N. L. : Il faut s’arrêter pour réfléchir. Difficile quand on est constamment pris dans un tourbillon ! On perd les petits moments de contemplation qui permettent de vraiment ressentir ce qu’on est en train de vivre. On a souvent l’impression que, pour être heureux, il faut s’épanouir dans sa vie professionnelle, familiale, sexuelle, avoir plein d’amis, comme dans Sex and the City ! On finit par cumuler des objectifs qui, souvent, restent flous. On éprouve alors de vagues insatisfactions… On se dit : je ne m’accomplis pas assez, je ne profite pas assez du bonheur qui m’était promis, je suis en train de rater quelque chose… Un bon outil pour y remédier ? Les rituels, un espace pour se recueillir.

J. M. : Notre identité est très fragmentée. Nous voulons exprimer et développer différentes dimensions de nous-mêmes, qui entrent en conflit les unes avec les autres. Si je souhaite être un père présent, je dois mettre une croix sur certaines opportunités professionnelles. Il faut constamment arbitrer ces conflits au sein de notre propre identité. Voilà le grand défi !

 

Et dans votre vie à vous, messieurs, qu’est-ce que la réussite ?

J. M. : Pour moi, ce n’est pas d’être le plus performant, mais de concilier au mieux les différents engagements qui me définissent, tout en sachant qu’il y aura des pertes. C’est notre sort à nous, individus hypermodernes, de gérer ce sentiment d’insatisfaction, d’incomplétude. Même si je parviens à un équilibre entre ma vie familiale et ma vie professionnelle, il y aura toujours des dimensions de moi qui seront négligées.

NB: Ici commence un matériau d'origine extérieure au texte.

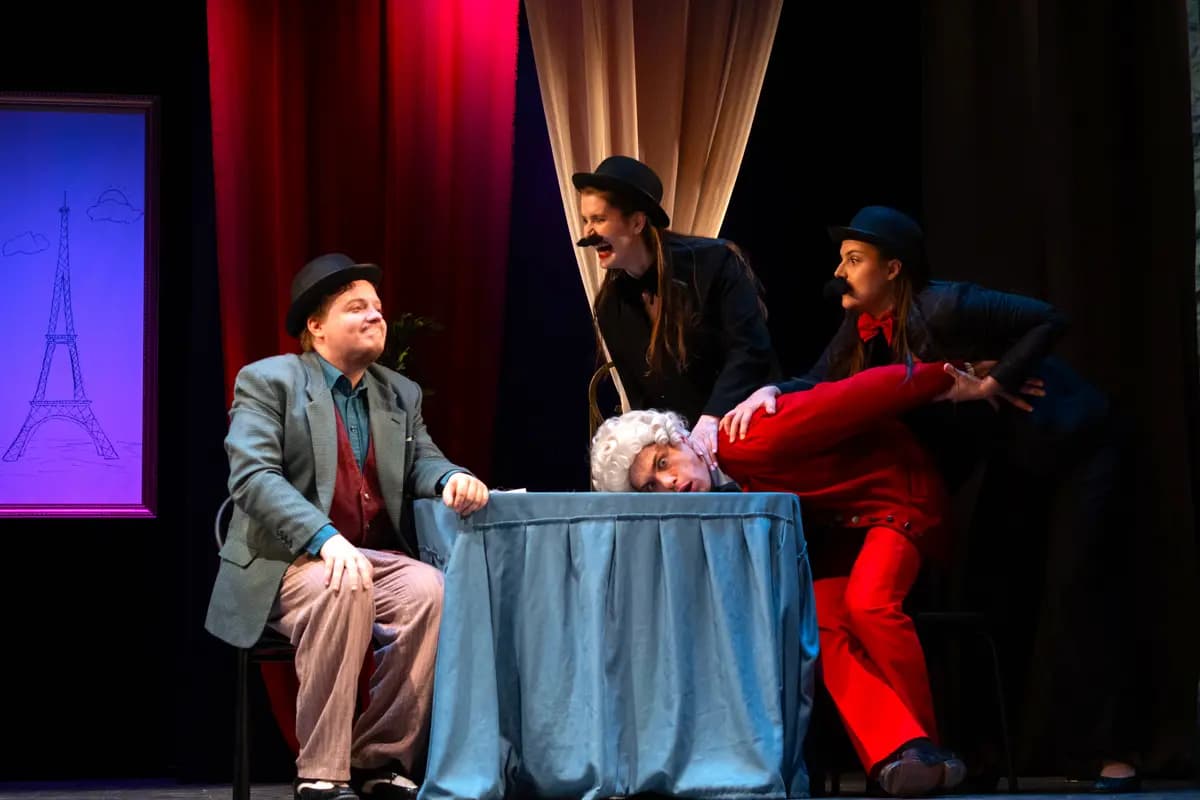 В Париж с любовью, или Детектив под столом (Дом актёра Санкт-Петербургского отделения СТД РФ)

N. L. : Pour ma part, c’est d’être prêt à atteindre le bonheur même si un pan de ma vie n’est pas parfait, de trouver en moi une satisfaction, une sérénité, une résilience. Mon bonheur réside dans l’accomplissement de quelque chose qui m’anime.

 

Y a-t-il une différence entre réussir sa vie et réussir dans la vie ?

N. L. : Réussir dans la vie renvoie à la notion de statut professionnel et matériel. Réussir sa vie, à la dimension personnelle. On mêle souvent les deux.

J. M. : Je ne crois pas qu’on puisse dire que l’un soit supérieur à l’autre. On accorde encore beaucoup d’importance à la réussite professionnelle, à un certain confort matériel. Par contre, avec le mini baby-boom, on assiste à un réinvestissement dans la famille.

 

Docteur, j’ai l’impression d’avoir raté ma vie. Que faire ?

N. L. : Primo, diminuer ses attentes, souvent trop élevées par rapport à sa capacité à les atteindre. Secundo, cultiver un sentiment de gratitude. C’est difficile, parce que d’un côté, il faut arriver à se contenter de ce qu’on a et, de l’autre, il faut s’accomplir. Je cherche encore l’équilibre !

J. M. : Si j’ai un sentiment d’échec, je fais le bilan. Je définis mes valeurs – ce qui m’importe, la façon dont je veux mener ma vie. Puis je les transforme en engagements. La notion même de réussite implique une finalité à atteindre selon des objectifs préalablement fixés. Ce moment d’introspection est essentiel. Sinon, on se laisse porter par les événements.